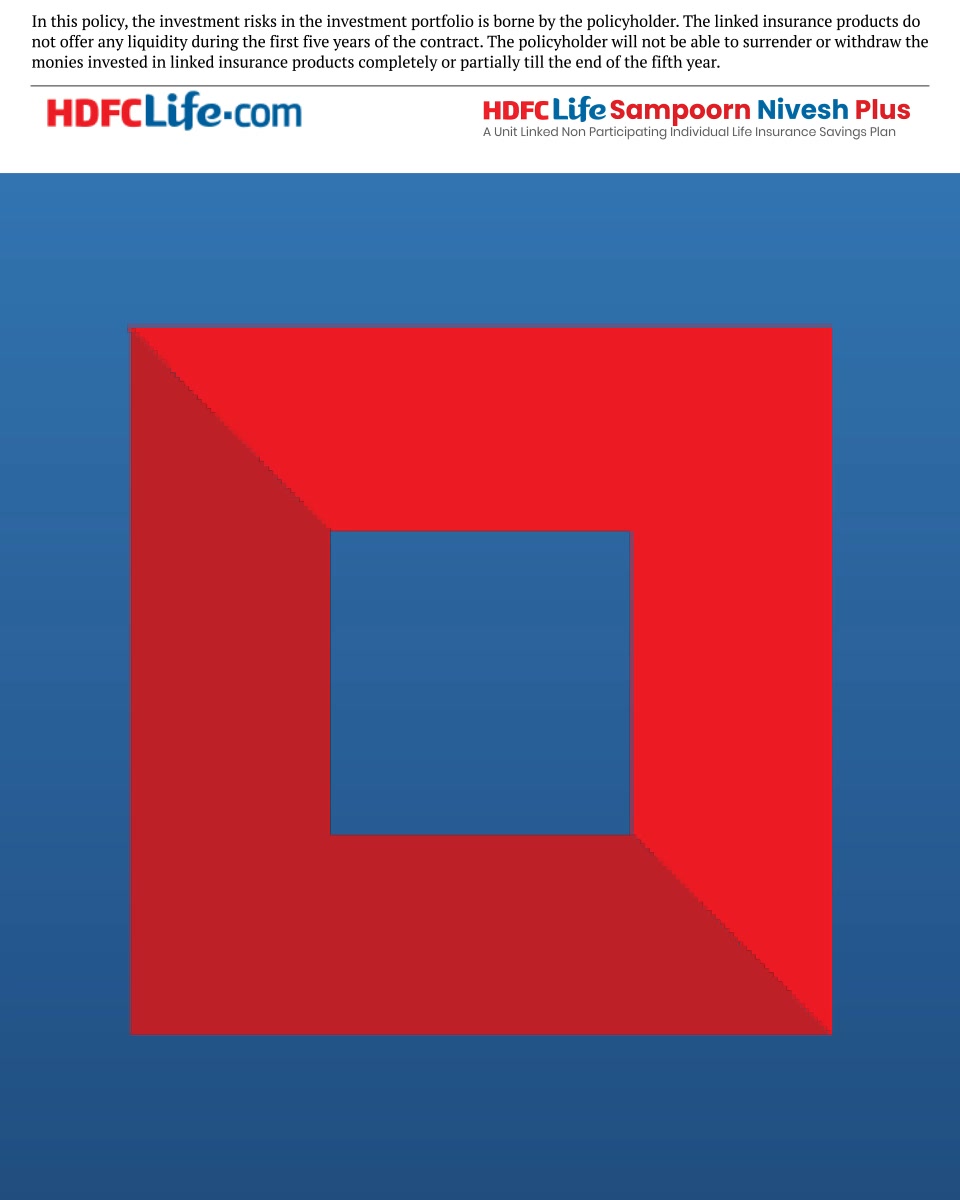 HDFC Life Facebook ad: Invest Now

----------------------------------------

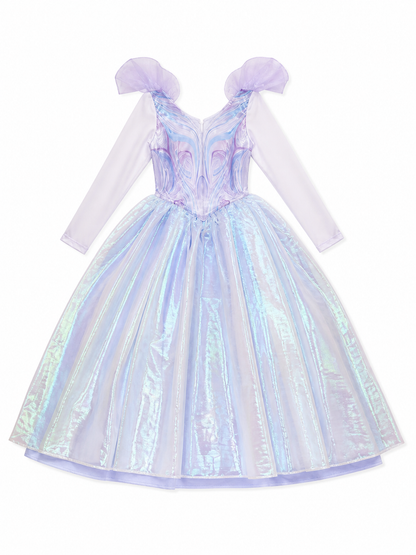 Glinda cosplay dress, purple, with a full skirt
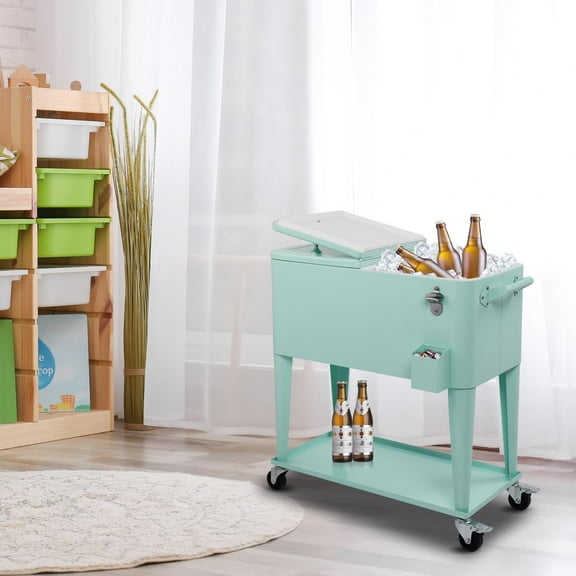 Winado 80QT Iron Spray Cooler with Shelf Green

----------------------------------------

YOUR ASSIGNMENT:
Quote the lines above exactly, starting with the one that has "Glinda cosplay dress, purple, with" and ending with the one that has "Winado 80QT Iron"; drop the pictures and include nothing else.

RESPONSE TO THE TASK:
 Glinda cosplay dress, purple, with a full skirt
 Winado 80QT Iron Spray Cooler with Shelf Green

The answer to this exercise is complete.